--- Exercise materials Enclosed Below ---
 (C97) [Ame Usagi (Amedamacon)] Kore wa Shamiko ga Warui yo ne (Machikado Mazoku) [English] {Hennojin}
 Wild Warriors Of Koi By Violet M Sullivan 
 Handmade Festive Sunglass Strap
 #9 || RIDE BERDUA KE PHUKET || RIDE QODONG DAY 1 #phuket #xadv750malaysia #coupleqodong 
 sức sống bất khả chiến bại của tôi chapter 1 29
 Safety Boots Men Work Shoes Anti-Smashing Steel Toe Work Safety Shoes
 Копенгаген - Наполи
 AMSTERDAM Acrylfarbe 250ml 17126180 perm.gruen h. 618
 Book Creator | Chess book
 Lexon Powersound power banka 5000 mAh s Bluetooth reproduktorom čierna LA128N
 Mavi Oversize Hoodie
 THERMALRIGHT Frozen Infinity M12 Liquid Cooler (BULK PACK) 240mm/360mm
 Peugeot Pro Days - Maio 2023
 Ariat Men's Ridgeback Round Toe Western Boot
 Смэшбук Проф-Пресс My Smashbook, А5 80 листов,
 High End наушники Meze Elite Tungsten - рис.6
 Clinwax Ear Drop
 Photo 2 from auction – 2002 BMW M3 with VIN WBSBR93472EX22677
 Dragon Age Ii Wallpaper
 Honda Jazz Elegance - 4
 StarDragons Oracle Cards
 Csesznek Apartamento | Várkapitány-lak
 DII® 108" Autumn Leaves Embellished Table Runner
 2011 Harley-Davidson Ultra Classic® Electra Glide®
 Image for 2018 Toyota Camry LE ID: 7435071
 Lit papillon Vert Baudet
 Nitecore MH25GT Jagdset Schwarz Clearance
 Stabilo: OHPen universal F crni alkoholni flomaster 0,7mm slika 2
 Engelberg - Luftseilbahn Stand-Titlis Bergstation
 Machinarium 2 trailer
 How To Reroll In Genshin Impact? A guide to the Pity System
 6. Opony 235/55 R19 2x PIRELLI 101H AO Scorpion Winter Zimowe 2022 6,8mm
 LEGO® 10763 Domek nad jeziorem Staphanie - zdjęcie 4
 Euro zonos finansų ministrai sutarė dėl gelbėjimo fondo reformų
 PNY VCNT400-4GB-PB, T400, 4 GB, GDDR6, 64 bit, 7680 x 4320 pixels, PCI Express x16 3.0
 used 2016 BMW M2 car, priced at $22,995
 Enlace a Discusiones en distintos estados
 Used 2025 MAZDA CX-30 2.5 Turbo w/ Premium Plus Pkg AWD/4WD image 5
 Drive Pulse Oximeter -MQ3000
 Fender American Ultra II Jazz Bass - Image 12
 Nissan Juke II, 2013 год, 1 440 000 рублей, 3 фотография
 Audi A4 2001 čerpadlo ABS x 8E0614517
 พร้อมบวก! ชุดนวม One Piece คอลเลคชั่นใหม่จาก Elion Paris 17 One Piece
--- End of Enclosed Exercise materials ---
**What needs to be done:** When you retype the data above, start at its first line, stop after the line containing "sức sống bất", and leave out everything else.

**Answer to the problem:**
 (C97) [Ame Usagi (Amedamacon)] Kore wa Shamiko ga Warui yo ne (Machikado Mazoku) [English] {Hennojin}
 Wild Warriors Of Koi By Violet M Sullivan 
 Handmade Festive Sunglass Strap
 #9 || RIDE BERDUA KE PHUKET || RIDE QODONG DAY 1 #phuket #xadv750malaysia #coupleqodong 
 sức sống bất khả chiến bại của tôi chapter 1 29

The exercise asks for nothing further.